Coarse-to-Fine Vision-Language Pre-training with Fusion in the Backbone
[attention
bert
masked-language-modeling
clip
meter
multimodal
deep-learning
transformer
image-text-matching
fiber
swin-transformer
glip
roberta
]
This is my reading note for Coarse-to-Fine Vision-Language Pre-training with Fusion in the Backbone. This papers propose a two-stage pre-training strategy: (i) coarse-grained pre-training based on image-text data; followed by (ii) fine-grained pre-training based on image-text-box data.
Introduction
Instead of having dedicated transformer layers for fusion after the uni-modal backbones, FIBER pushes multimodal fusion deep into the model by inserting cross-attention into the image and text backbones, bringing gains in terms of memory and performance. we present a two-stage pre- training strategy that uses both these kinds of data efficiently: (i) coarse-grained pre-training based on image-text data; followed by (ii) fine-grained pre-training based on image-text-box data. (p. 1)
Recently, it has also been shown that tasks such as image classification and object detection (OD), which have been traditionally viewed as vision-only tasks, can benefit from being cast as VL tasks [ (p. 1)
%%Two streams method%%
Instead of having a few dedicated transformer layers on top of the image and text encoders for fusion (e.g., as is commonly done in previous work [40, 8, 16, 29, 38]), we propose to directly insert cross-attention modules into the image and text backbones. Additionally, we support the ability to switch between a dual encoder (for fast image retrieval) and a fusion encoder (for VQA and captioning) readily, by switching on or off the cross-attention modules (p. 2)
Specifically:
- During coarse-grained pre-training, FIBER takes low-resolution (384×384) images as input, and is pre-trained with image-text matching, masked language modeling, and image-text contrastive losses, The pre-trained model can then be directly finetuned for VQA and image captioning tasks (p. 3)
- During fine-grained pre-training, FIBER uses the coarse pre-trained model as initialization, in addition to randomly initialized parameters for the OD head. At this stage, the model takes high- resolution (800×1,333) images as input, and is pre-trained with bounding box localization loss and word-region alignment loss, (p. 3)
Related Work
Convolution networks or vision transformers [15] are used as the image backbone, with additional transformer layers for modeling multimodal fusion (p. 3)
UniT [23] proposes a multimodal multi-task framework with a unified transformer (p. 4)
Proposed Method
Fusion in the Backbone
The architecture of FIBER is shown in Figure 2. Different from models that stack a modality fusion module on top of the vision or language backbones [8, 16], we insert multimodal fusion inside the backbones, and include a gating mechanism for the cross-modal layers (shown in Figure 4) (p. 4)
By inserting cross-attention layers with the gating mechanism, we enable cross-modal interactions without affecting the original computational flow of the backbones at the beginning of model training. Also, we can easily switch off the interactions by setting α to 0, and the backbones can be used in the dual-encoder setting. (p. 5)
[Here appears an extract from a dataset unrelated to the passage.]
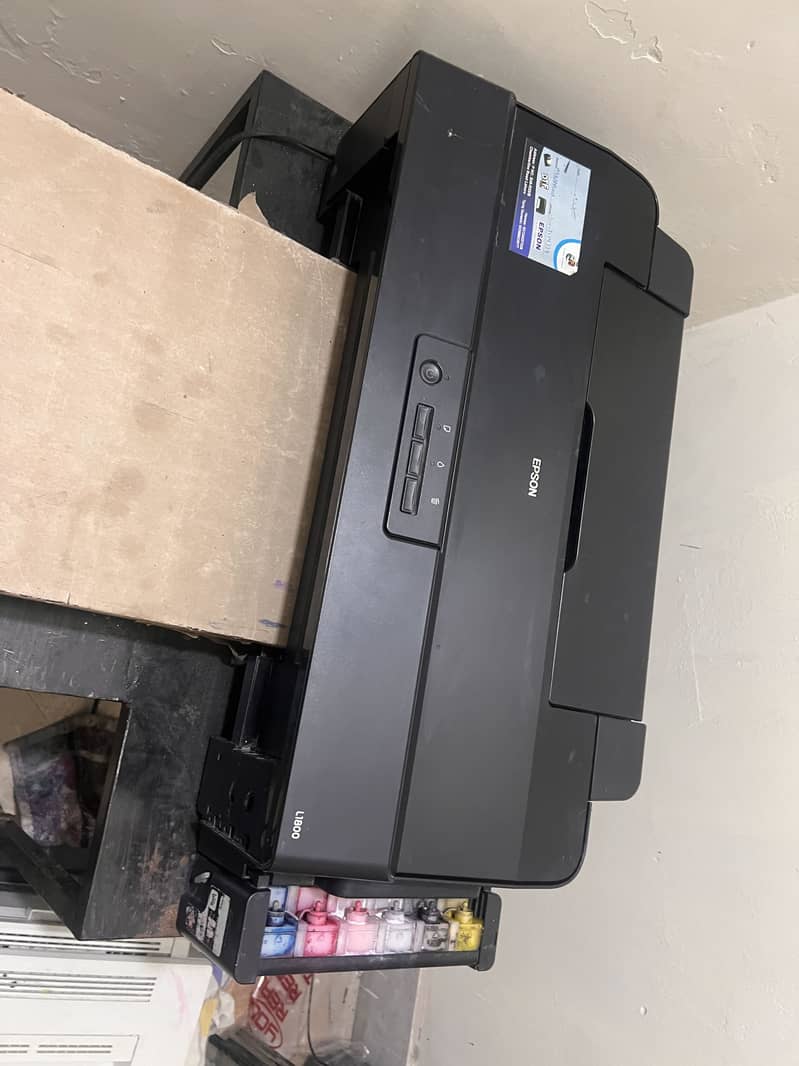 Epson L1800 DTF converted 6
Coarse-to-Fine Pre-training
We divide VL tasks into two categories based on whether or not we need to generate region-level outputs on the image side (p. 5)
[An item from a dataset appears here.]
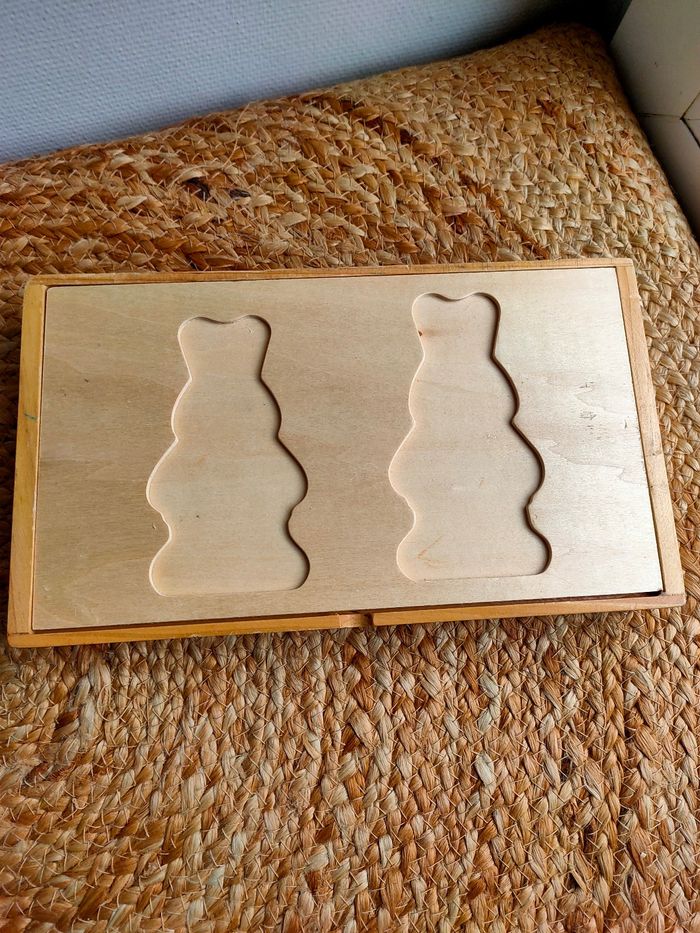 Puzzle lapin en bois - Vertbaudet - photo numéro 10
Coarse-grained Pre-training
For tasks like VQA and captioning, it has been demonstrated [36, 16, 74] that masked language modeling (MLM), image-text matching (ITM), and image-text con- trastive (ITC) objectives are helpful for ViT-based VLP models. Following previous work, we use all the three objectives during pre-training. (p. 5)
- For ITC, the inserted cross-attention modules are switched off, so FIBER functions as a dual encoder. Given a batch of N image-caption pairs, we first compute their representations with our vision and language encoders independently without modality fusion, and then maximize the similarities between N positive image-text pairs while minimizing the similarities between the rest N2 − N negative pairs, via a contrastive loss. (p. 5)
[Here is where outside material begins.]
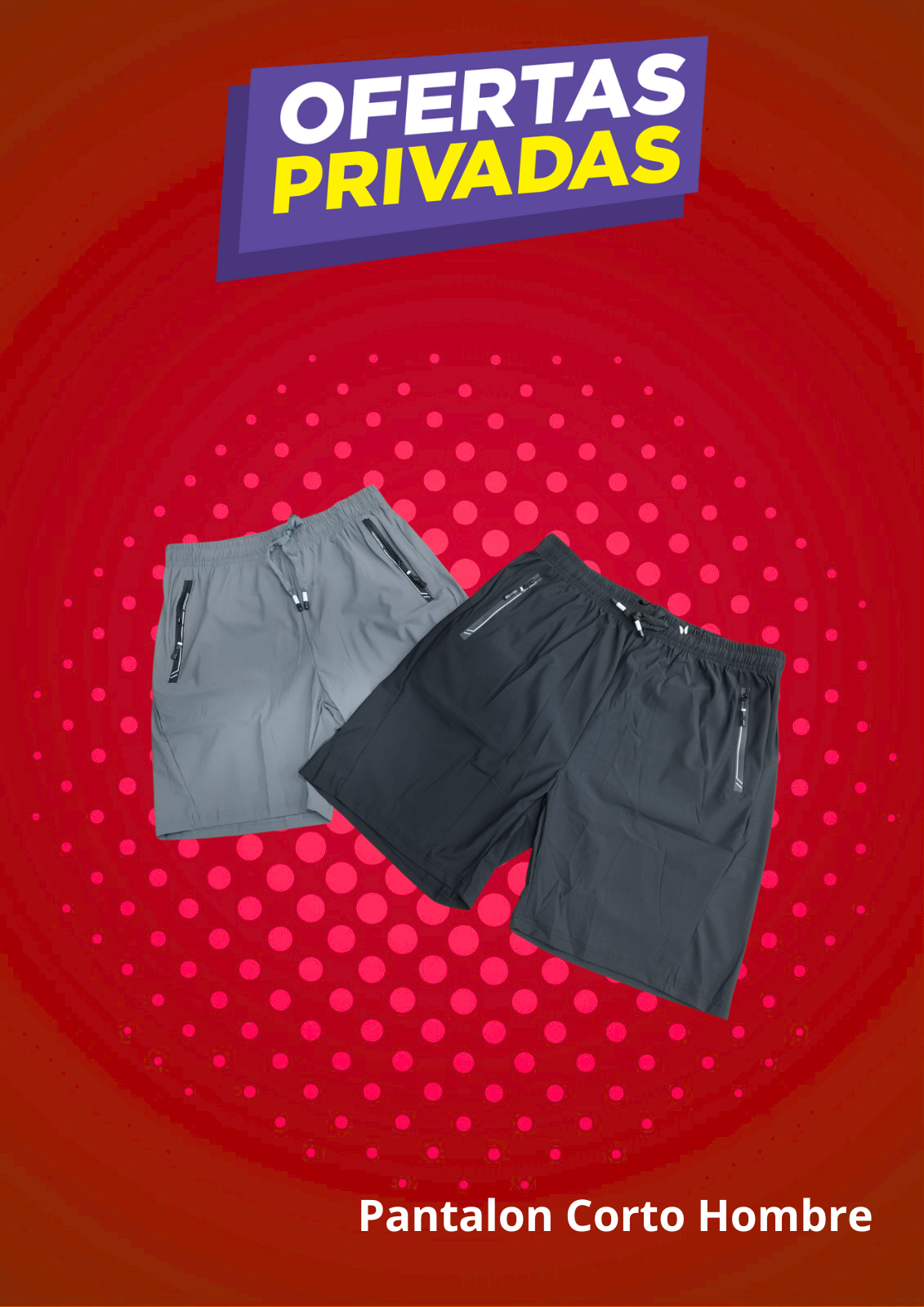 Short Deportivo Hombre Varios Diseños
- For MLM and ITM, the inserted cross-attention modules are switched on, so FIBER now functions as a fusion encoder. For MLM, we randomly mask 15% of the input tokens and the model is trained to reconstruct the original tokens. For image-text matching, the model is given an image-text pair and predicts whether they are matched. Following VLMo [74], we sample global hard negatives based on the similarities computed from the above ITC loss. (p. 5)
Fine-grained Pre-training
We use a Swin Transformer [47] as our image encoder, which provides hierarchical representations of the image while having linear complexity in the size of the image. We combine these multi-scale representations using an FPN [43] for object detection training. Once the text-aware image features are extracted by the Swin backbone and image-aware text features are extracted using RoBERTa [46], the image features after the FPN are fed to a DynamicHead [12] which predicts a set of regions (p. 5)
We follow GLIP [38] by substituting the classification head with the grounding score S_GROUNDING. The localization loss is composed of two parts: a centerness loss and GIoU loss, which are used to supervise the box prediction (p. 6)
Adaptation to Downstream Tasks
- For VL classification tasks such as VQA: The final layer representations of the two modalities are concatenated together to generate the final outputs for tasks such as VQA and visual reasoning (p. 6)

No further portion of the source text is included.